• _Work required_
What you write must match, character for character, the lines from the one with "Ditnarkoba Polda Sumut" down to the one with "Girls Printed Sweatshirt - Pack of 2" in the listing below, minus its pictures.

• _Data records_
★ ★ ★ ★ ★

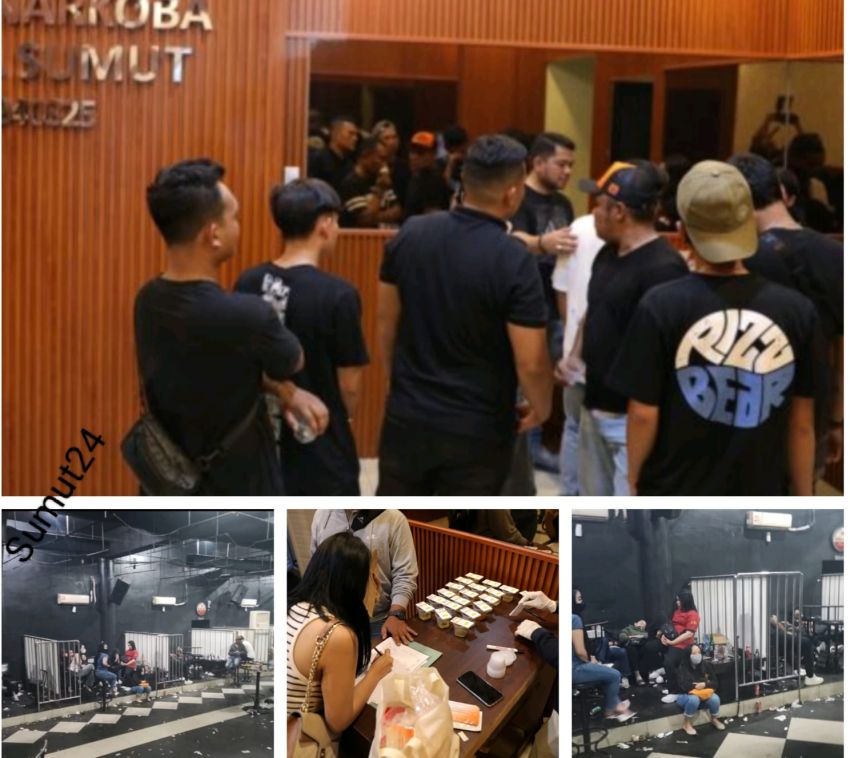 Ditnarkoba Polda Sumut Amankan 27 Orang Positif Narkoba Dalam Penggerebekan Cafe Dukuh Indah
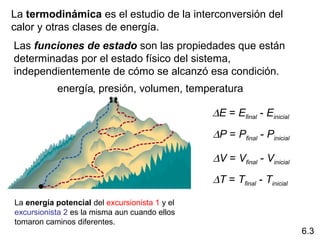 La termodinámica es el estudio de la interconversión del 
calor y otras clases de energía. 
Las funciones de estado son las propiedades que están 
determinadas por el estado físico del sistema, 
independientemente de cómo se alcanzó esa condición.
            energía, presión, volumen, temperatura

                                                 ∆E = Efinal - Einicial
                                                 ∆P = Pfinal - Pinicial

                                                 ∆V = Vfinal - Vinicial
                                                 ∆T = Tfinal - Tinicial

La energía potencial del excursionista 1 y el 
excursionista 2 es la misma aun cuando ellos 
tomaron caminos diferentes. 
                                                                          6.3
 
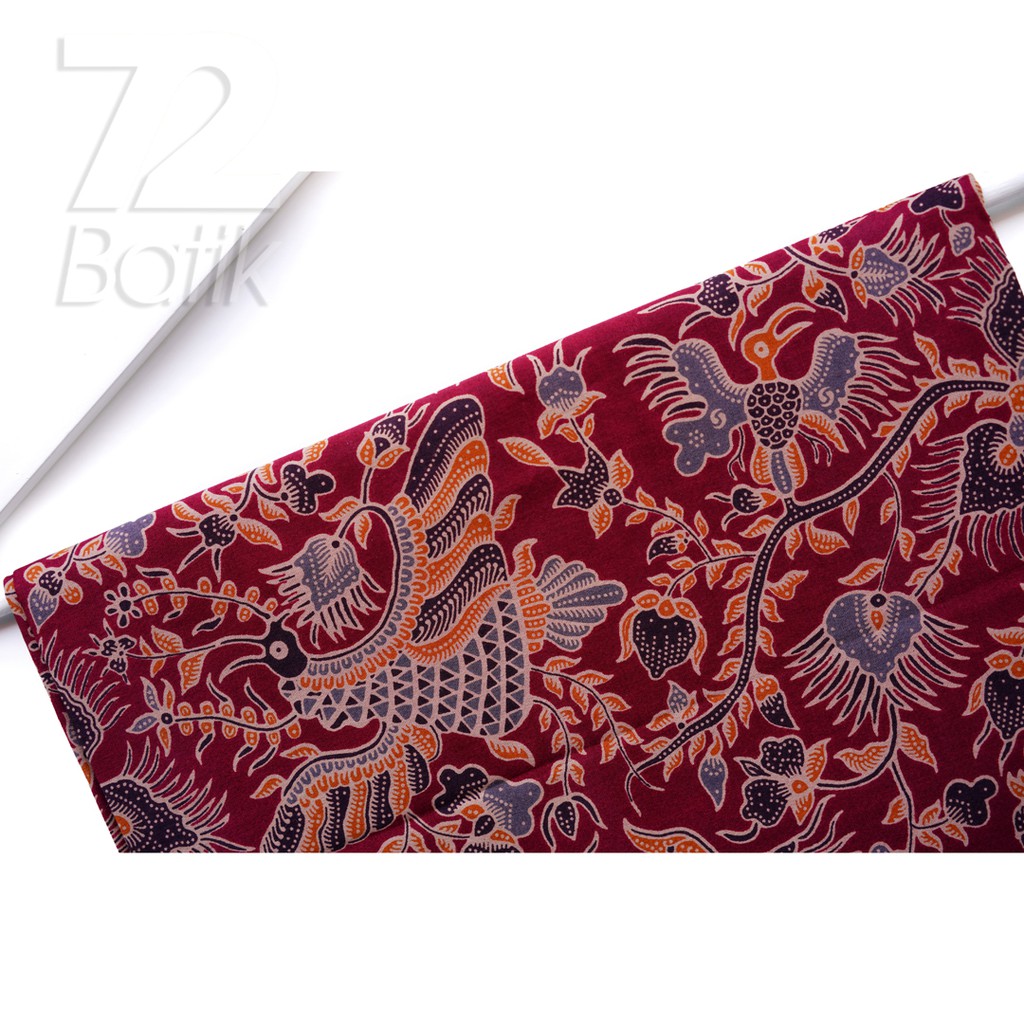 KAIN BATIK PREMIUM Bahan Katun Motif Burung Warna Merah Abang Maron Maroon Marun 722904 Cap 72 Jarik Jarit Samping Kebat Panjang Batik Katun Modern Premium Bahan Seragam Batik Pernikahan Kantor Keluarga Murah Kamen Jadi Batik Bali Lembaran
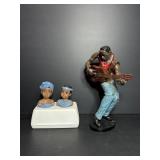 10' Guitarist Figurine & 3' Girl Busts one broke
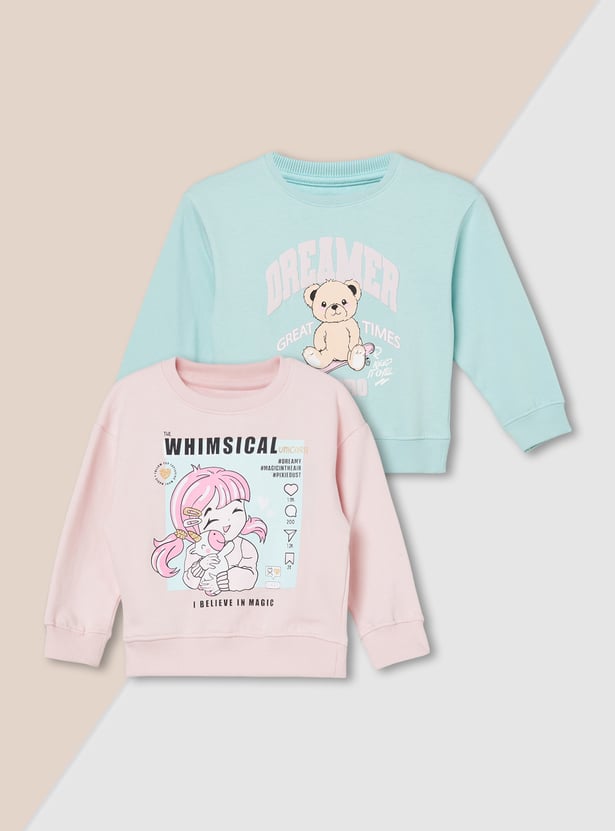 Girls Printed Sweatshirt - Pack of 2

★ ★ ★ ★ ★

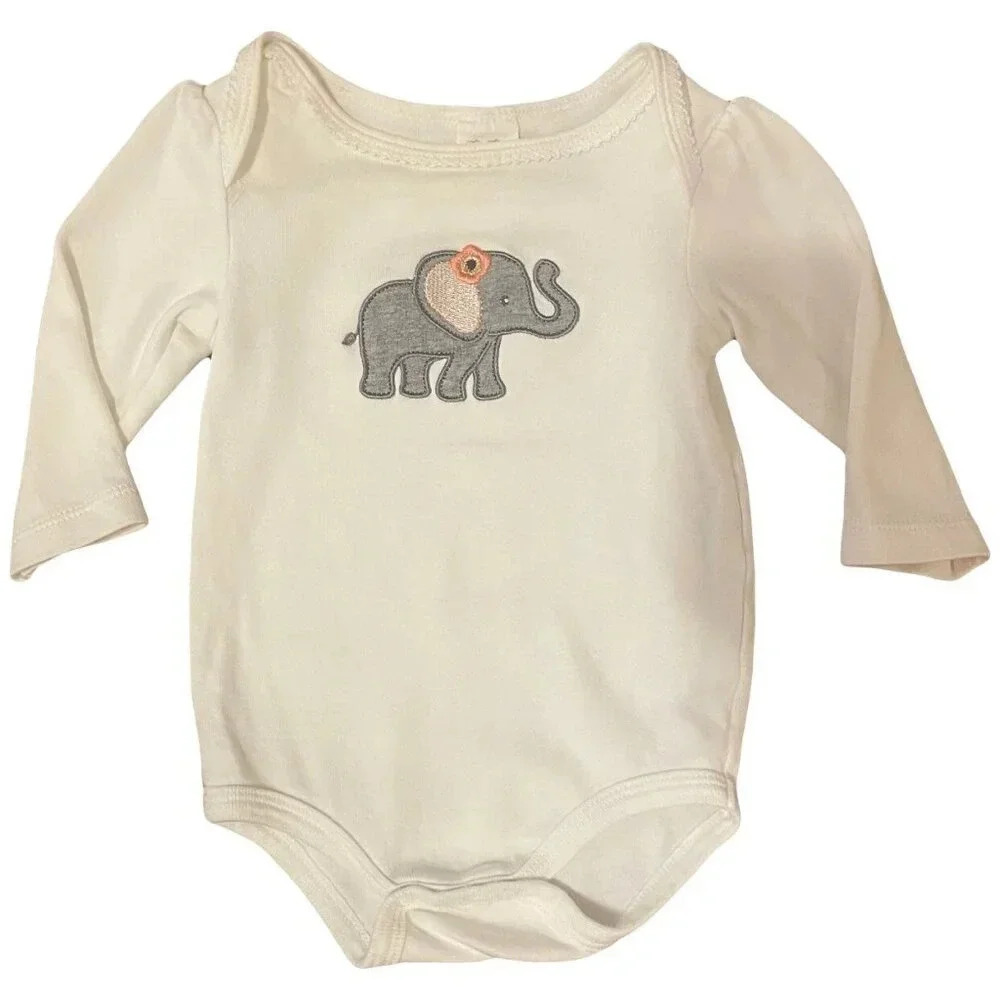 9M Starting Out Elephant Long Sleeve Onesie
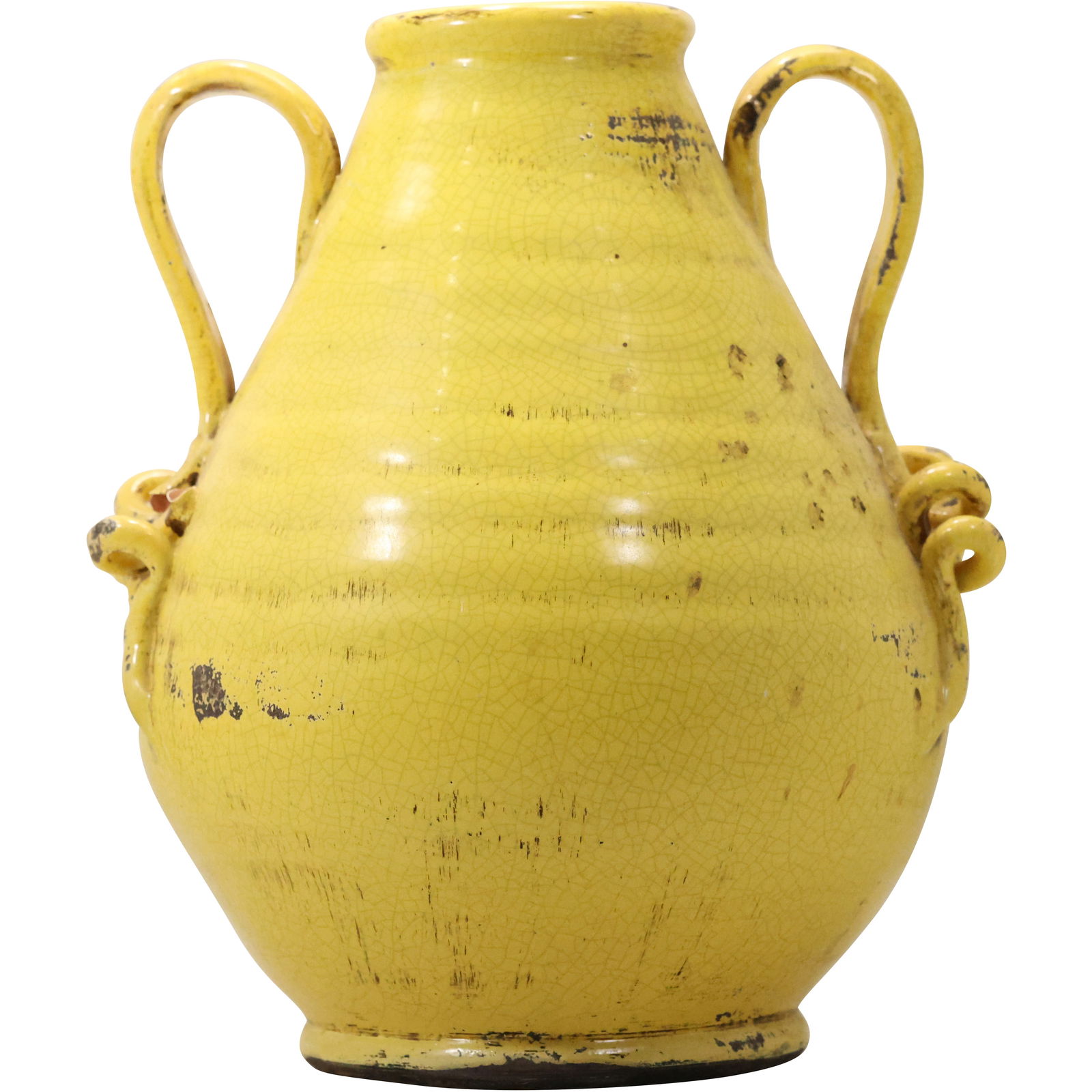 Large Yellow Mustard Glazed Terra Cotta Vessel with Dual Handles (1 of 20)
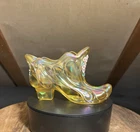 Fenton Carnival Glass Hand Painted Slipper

★ ★ ★ ★ ★

• _Expected output_
 Ditnarkoba Polda Sumut Amankan 27 Orang Positif Narkoba Dalam Penggerebekan Cafe Dukuh Indah
 La termodinámica es el estudio de la interconversión del 
calor y otras clases de energía. 
Las funciones de estado son las propiedades que están 
determinadas por el estado físico del sistema, 
independientemente de cómo se alcanzó esa condición.
            energía, presión, volumen, temperatura

                                                 ∆E = Efinal - Einicial
                                                 ∆P = Pfinal - Pinicial

                                                 ∆V = Vfinal - Vinicial
                                                 ∆T = Tfinal - Tinicial

La energía potencial del excursionista 1 y el 
excursionista 2 es la misma aun cuando ellos 
tomaron caminos diferentes. 
                                                                          6.3
 
 KAIN BATIK PREMIUM Bahan Katun Motif Burung Warna Merah Abang Maron Maroon Marun 722904 Cap 72 Jarik Jarit Samping Kebat Panjang Batik Katun Modern Premium Bahan Seragam Batik Pernikahan Kantor Keluarga Murah Kamen Jadi Batik Bali Lembaran
 10' Guitarist Figurine & 3' Girl Busts one broke
 Girls Printed Sweatshirt - Pack of 2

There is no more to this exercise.